Tunisie : la guerre froide entre Béji Caïd Essebsi et Youssef Chahed
Rien ne va plus entre Carthage et la Kasbah. La crise au plus haut sommet de l’État s’étale désormais sur la place publique. Comment en est-on arrivé là ? Et de quelle manière en sortir ?
Des mois de silence. Et une déclaration fracassante pendant son intervention télévisée le 15 juillet. Béji Caïd Essebsi (BCE) ne nomme pas explicitement son chef de gouvernement, mais la tournure de phrase ne laisse aucune place au doute.
« Quand on n’a pas de soutien politique, on démissionne ou on demande le renouvellement de la confiance à l’Assemblée », tacle le président de la République, qui en quelques mots confirme ce qui n’était plus qu’un secret de polichinelle à Tunis : ses relations avec Youssef Chahed sont devenues glaciales.
Chahed accusé d’avoir fragilisé le système sécuritaire
En privé, le président ne se privait pas ces dernières semaines de manifester son agacement. Le 10 juillet, lors d’une réunion du Conseil de sécurité national, il s’est emporté devant témoins contre le Premier ministre, l’accusant à demi-mot d’être responsable de l’attaque qui a coûté la vie à six agents de la Garde nationale à Ghardimaou (Nord-Ouest).
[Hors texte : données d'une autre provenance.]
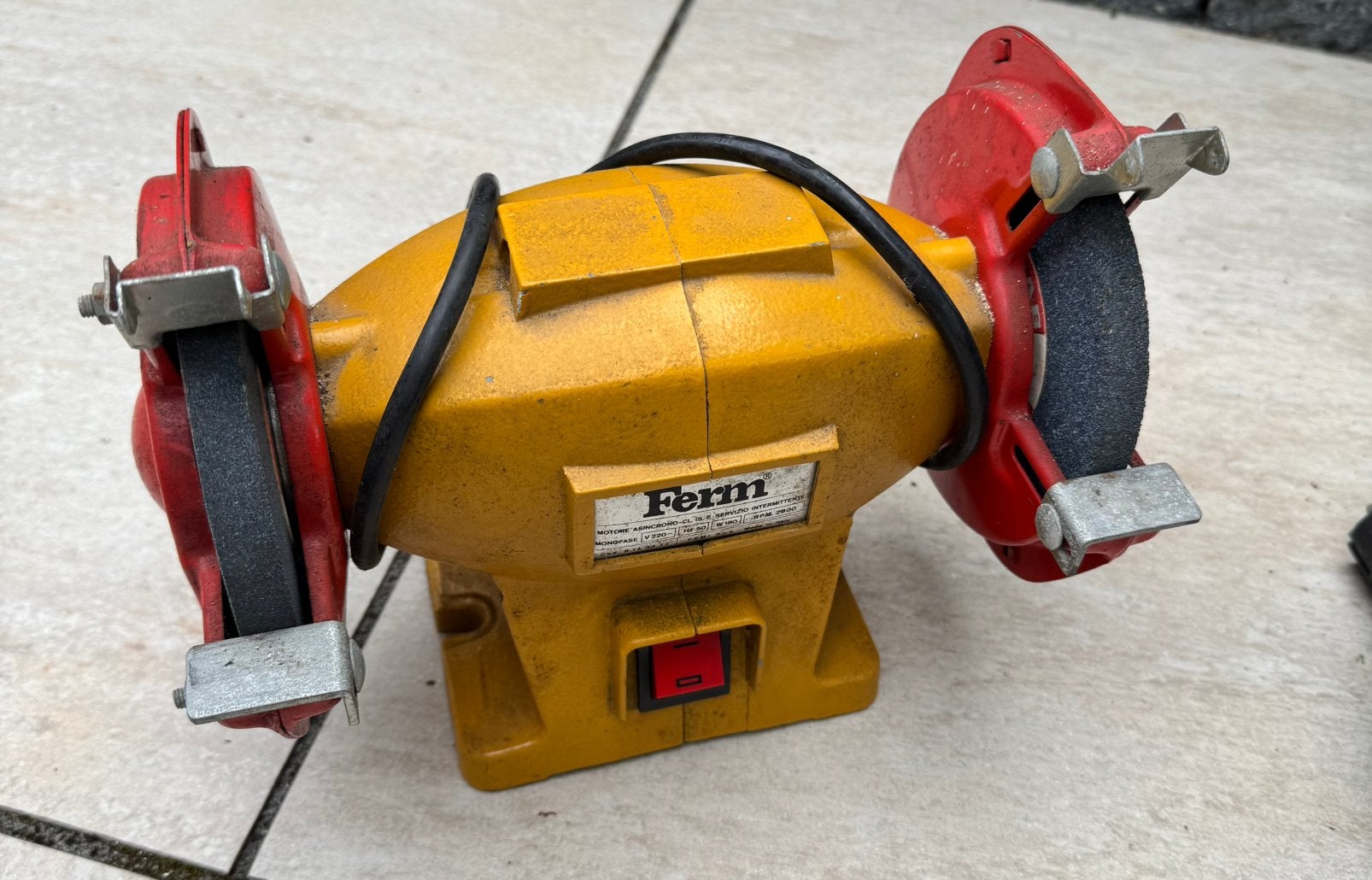 Slijptol Ferm werkbankslijper F.E.M.I. femi RPM 2800, Ophalen of Verzenden, Gebruikt, Minder dan 700 watt, Werkbankslijpmachine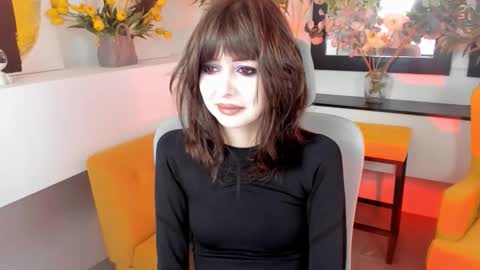 crystallbloom online show from October 2025 04:24:01 AM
Béji Caïd Essebsi lui reproche notamment de s’être brouillé avec les ministres de l’Intérieur successifs et de n’avoir pas voulu surseoir, malgré ses conseils, au limogeage de Lotfi Brahem, ministre de l’Intérieur. Dans la foulée de cette éviction, de nouveaux responsables ont été nommés au sein du renseignement et de l’antiterrorisme. Pour le président, Youssef Chahed a fragilisé le système sécuritaire. L’accusation est répétée à l’antenne de Nessma TV.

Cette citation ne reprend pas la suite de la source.